Problem statement
Going through the material below, output exactly the lines from the one containing "Toyota Voxy ZRR80W" through the one containing "Kurşun yağdıran 2 kişi Silivri'de yakalandı.", and no pictures.

Information supplied

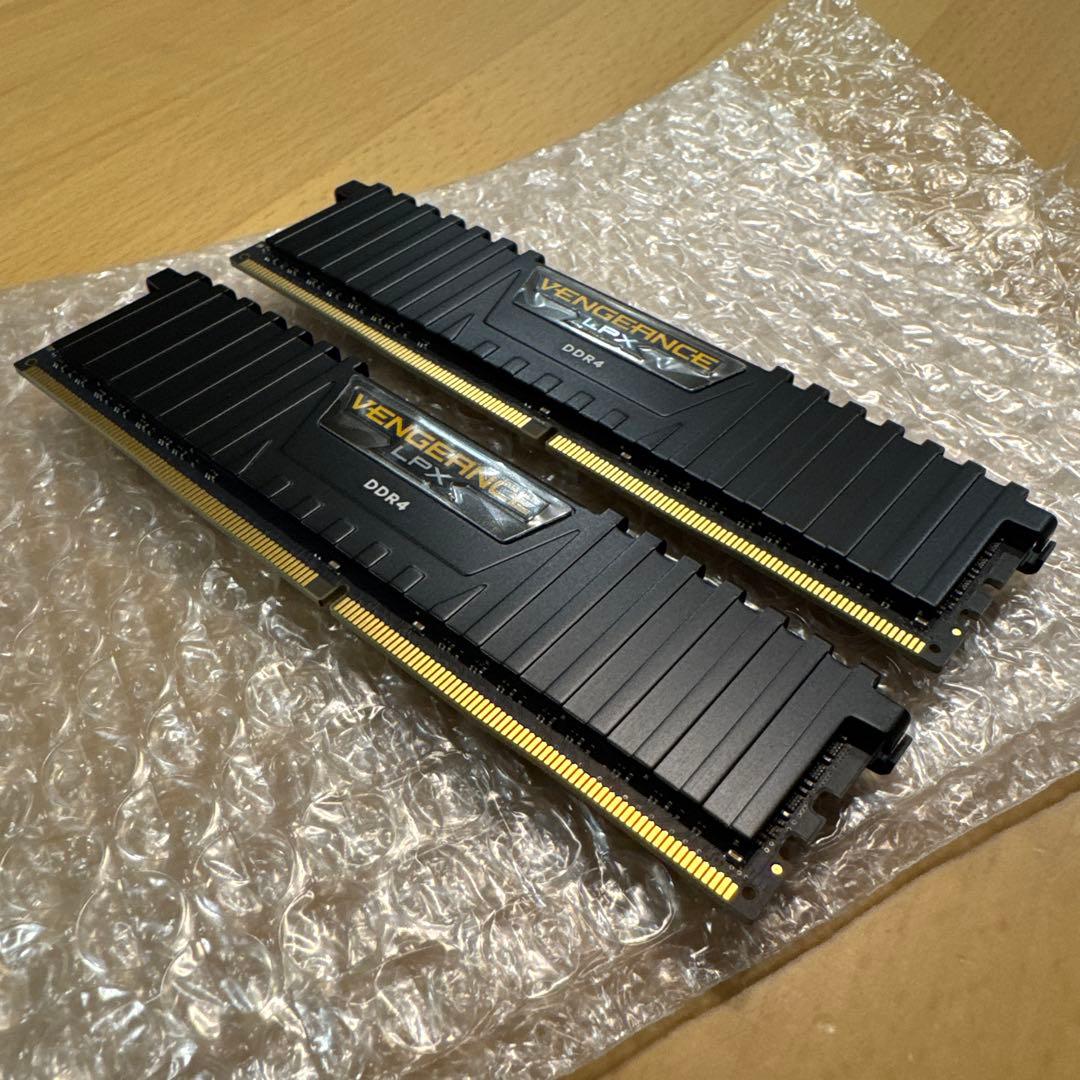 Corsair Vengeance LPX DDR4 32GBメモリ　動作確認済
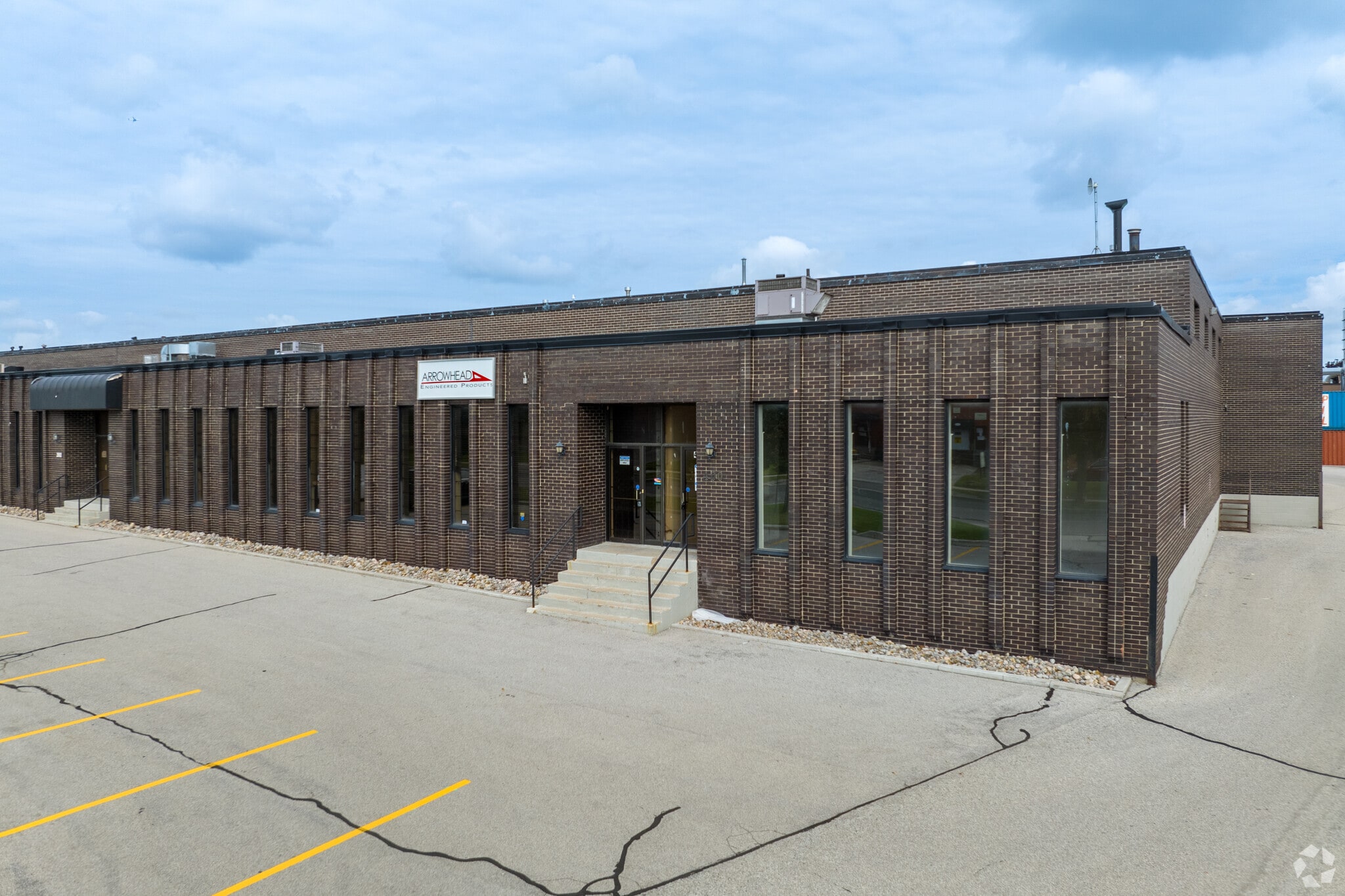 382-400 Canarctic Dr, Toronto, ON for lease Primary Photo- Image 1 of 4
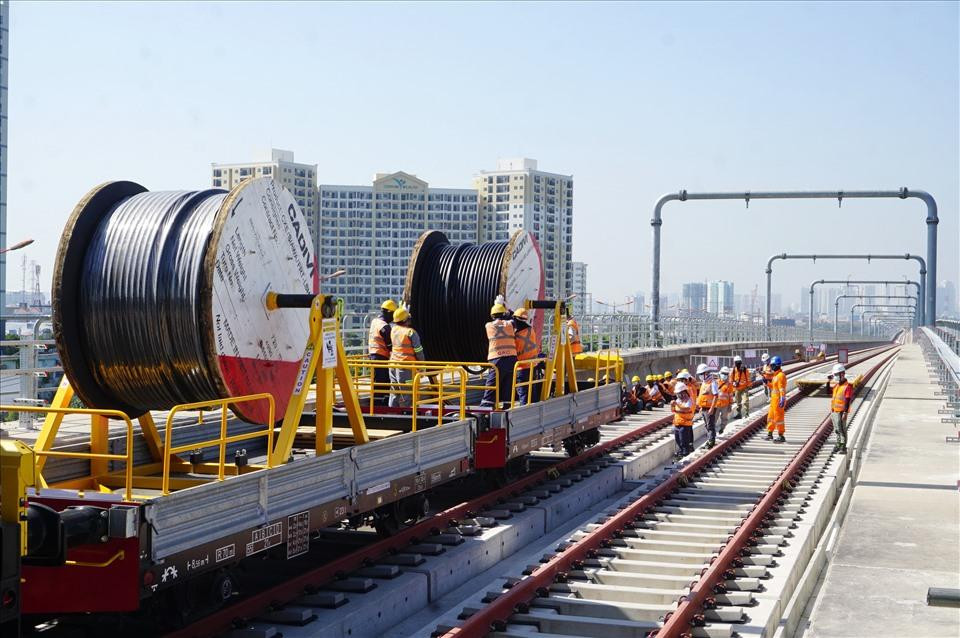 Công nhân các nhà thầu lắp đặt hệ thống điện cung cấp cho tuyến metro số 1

==

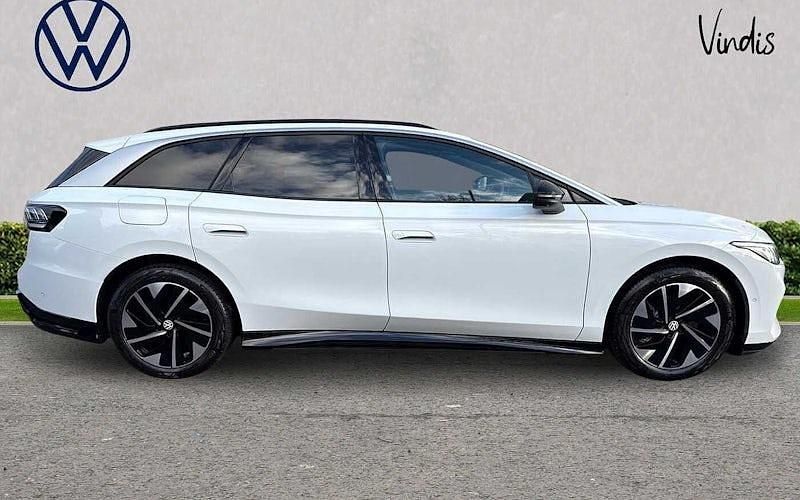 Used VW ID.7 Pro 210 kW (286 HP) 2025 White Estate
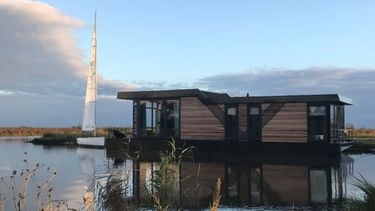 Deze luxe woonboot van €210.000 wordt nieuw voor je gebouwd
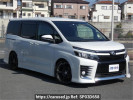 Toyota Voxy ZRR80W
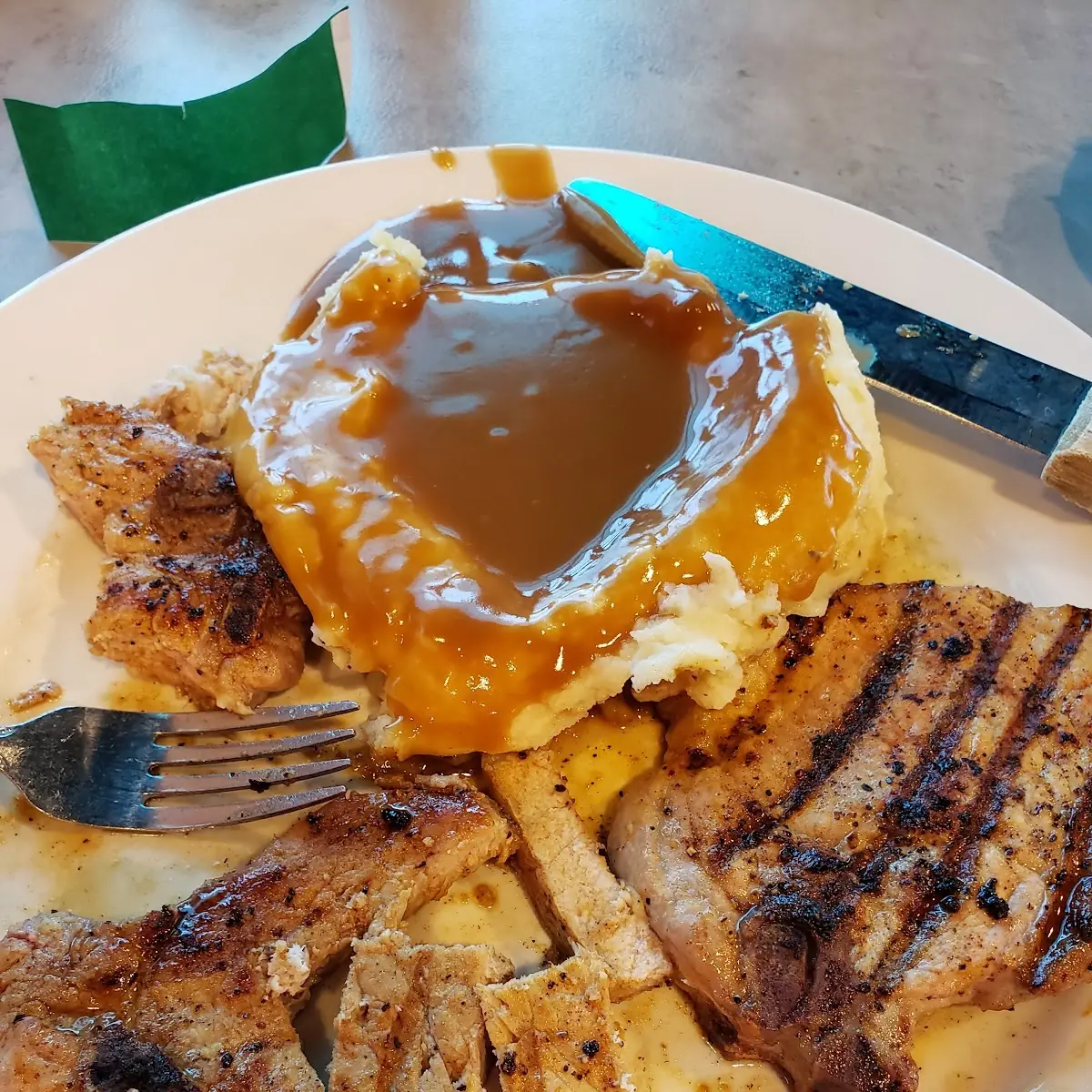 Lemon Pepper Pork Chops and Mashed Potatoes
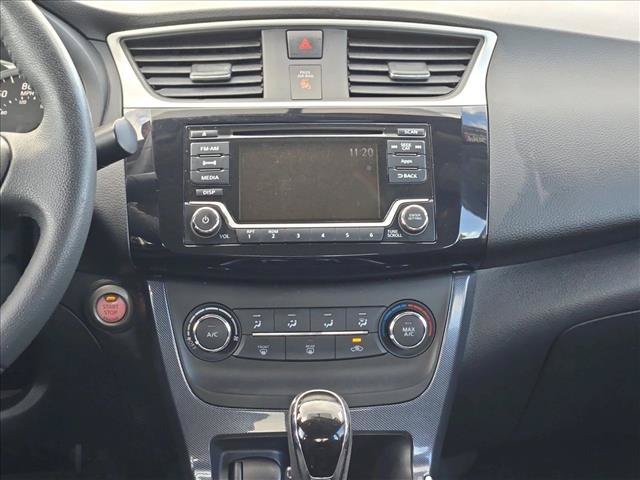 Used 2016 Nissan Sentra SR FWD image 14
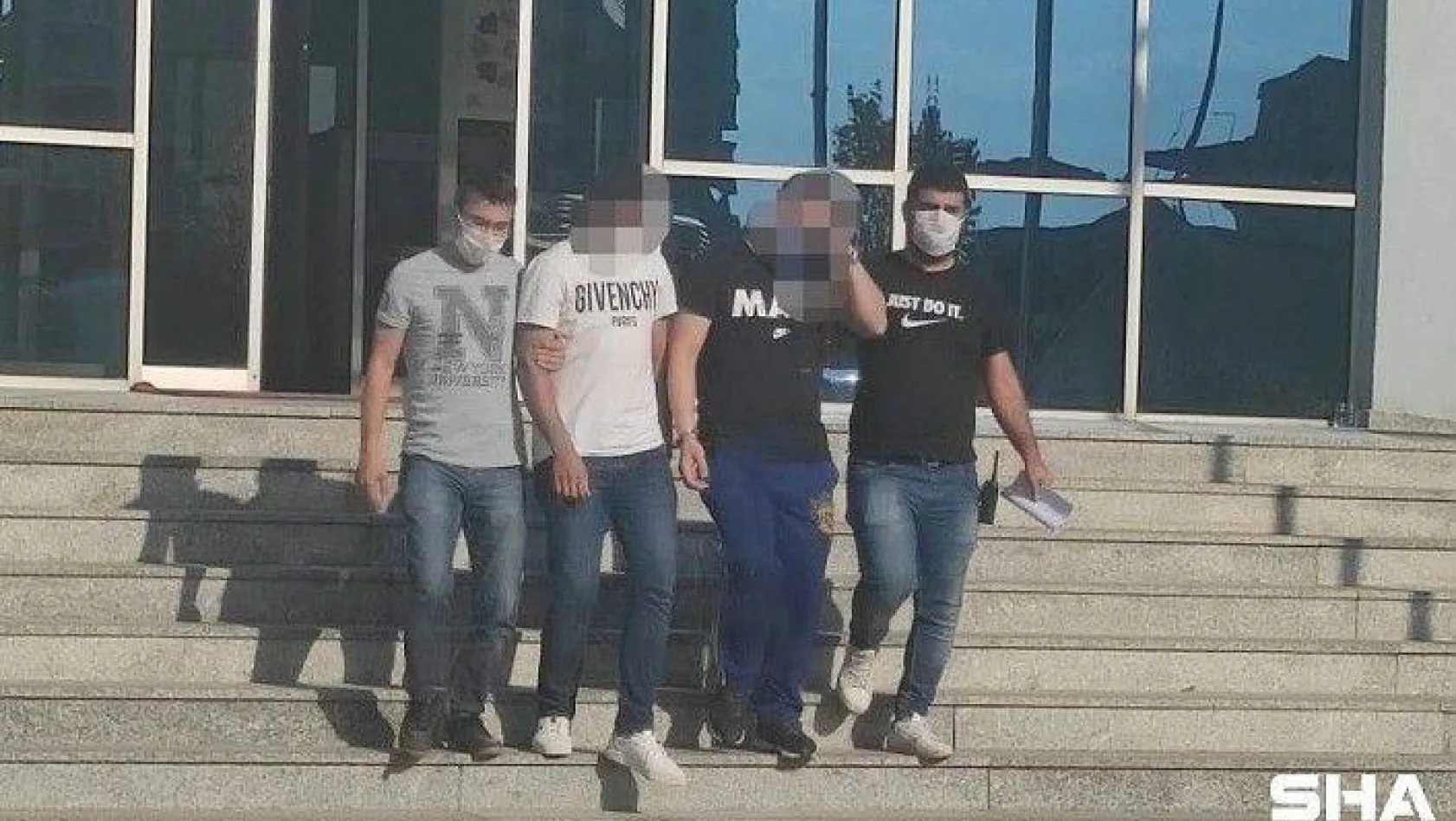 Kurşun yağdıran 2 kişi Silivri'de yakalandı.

Reply
 Toyota Voxy ZRR80W
 Lemon Pepper Pork Chops and Mashed Potatoes
 Used 2016 Nissan Sentra SR FWD image 14
 Kurşun yağdıran 2 kişi Silivri'de yakalandı.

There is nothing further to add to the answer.